Ware, who came into the game need four strikeouts for the milestone, also said she couldn’t remember when her first career strikeout as a Hawk was. But Martin did. He recalled that it came during Ware's freshman season in a game against Algonquin Regional. In that game, it was scoreless deadlock heading into the ninth inning before Hudson won it 1-0 ironically on a Ware solo home run.
With this victory the Hawks improve to 11-2 and are 6-0 in divisional play. With the Chieftains (9-5, 4-2) nipping at its heels in the league standings all season, this pivotal win gives Hudson a two-game comfort margin with six regular season games remaining on the schedule.
“I told Jurnee that not many people get to 500 strikeouts in their high school career so be proud of it,” Martin said. “As long as she stays healthy I think she has a legitimate shot at Kaitlyn Andrews’ school record of 720 strikeouts.”
Hudson put this tilt in its rearview mirror early. The Hawks scored once in the first, five more times in the second and added a solo run in the third. Nashoba did little to help its cause as the Chieftains committed five errors. Ware, who also added a pair of doubles and an RBI on the afternoon, got things started in the opening frame by ripping a two-bagger.
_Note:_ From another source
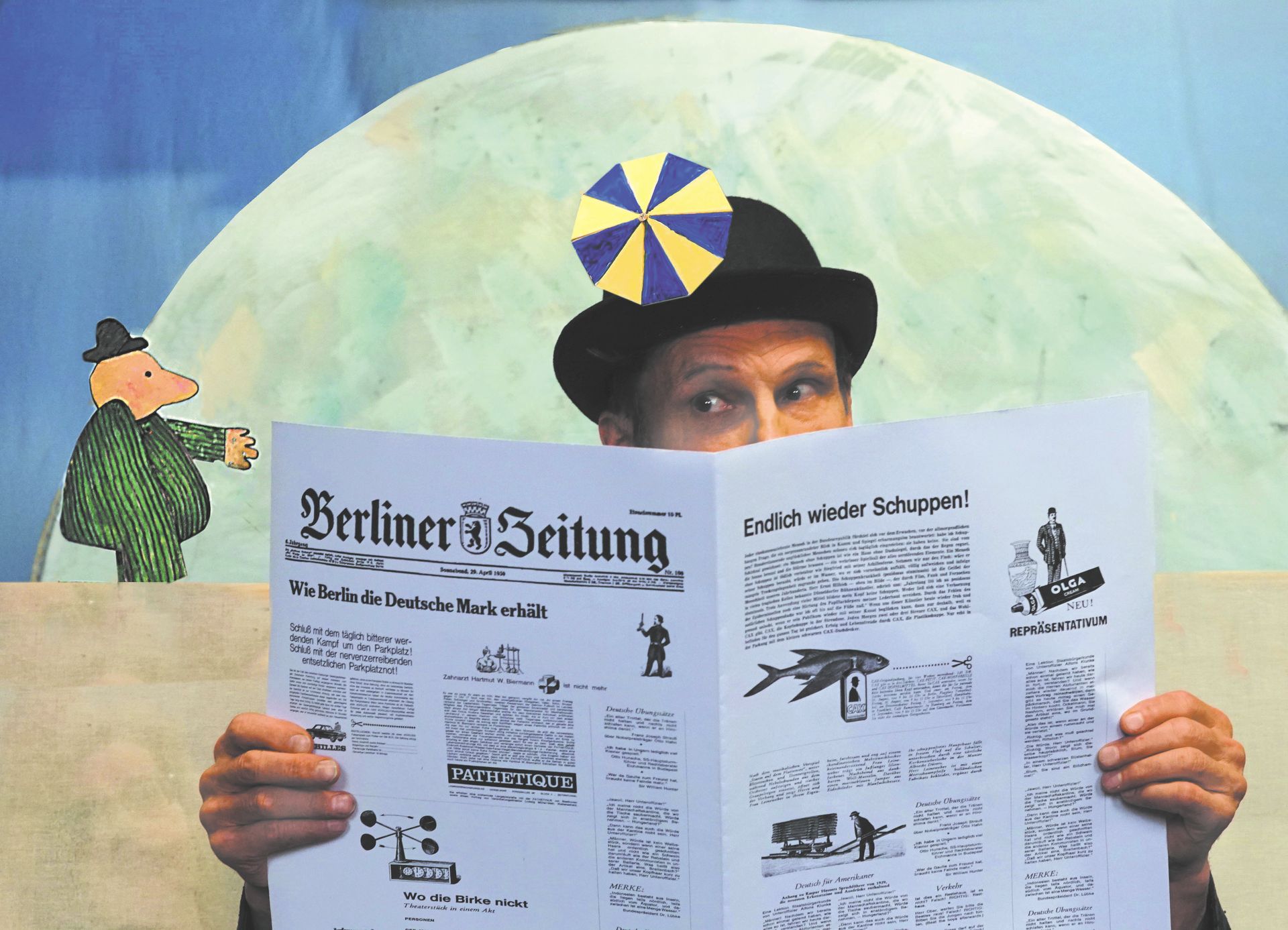 Eine Frau in einer roten Jacke steht neben einer anderen Frau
After advancing to third, she trotted home on Kara Knights’ deep flyout.
Nashoba sophomore righty Emily Sargent, obviously a bit flustered by the lack of defense behind her, was not as sharp as she has normally been. Entering this tilt with an ERA of 2.21, Sargent uncharacteristcally served up 12 hits and struck out four.
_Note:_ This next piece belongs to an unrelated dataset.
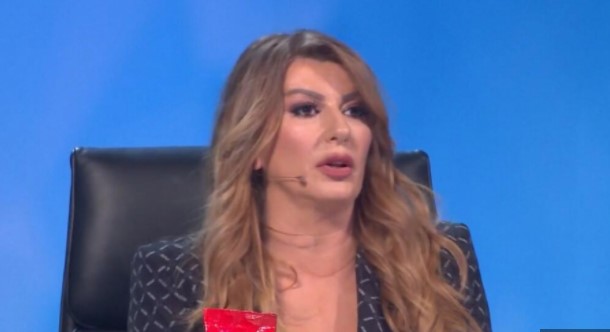 POKRILA LICE, A OTKRILA NOGE: Svi komentarišu stajling Viki Miljković (FOTO)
Hudson sent nine to the plate in the second frame after banging out four hits and taking advantage of three Nashoba miscues to extend its lead to 6-0. Key at bats in the inning came from Knights, a junior who delivered a two-run single and a Ware run-scoring double.
“For some reason plays we normally make against other schools we don’t make against Hudson,” said Chieftains coach Steve Kendall, who has now lost to the Hawks three times this season. “It’s something about that team where we just don’t perform well. I don’t know what it is. For whatever reason we just beat ourselves against that team. They are too good where you can’t make that many mistakes like we did today.”
In the Hawks’ third, they put two runners on with one out. Ware next grounded a ball to shortstop Eileen McGarry but the junior's throw pulled first baseman Joyce LaBonte off the bag resulting in another run.
Sargent managed to settle down over the next two innings as she kept the Hawks off the board. But that trend didn't last very long. Hudson opened its half of the sixth by putting the first two batters on before Kendal LaFrancois, a transfer from Nashoba, drove a hard ground ball single to plate a run. Chelsey Scovil then smashed a double to left scoring two more. A few moments later Scovil crossed the plate with the Hawks’ 11th run following a Maria Hydro single.
Meanwhile, Ware had the Chieftains right where she wanted them from the outset as they had trouble picking up the movement of her pitches.
“I know Jurnee is proud of her accomplishment but getting this win today in a huge league game with Nashoba coming in just one game behind us was the biggest importance of day,” Martin said. “We spent a good part of last week on our hitting because we haven’t been hitting the ball that well of late. Today we really hit well against a very good pitcher. To hit her like we did today, I think those hitting sessions we had seemed to work out.”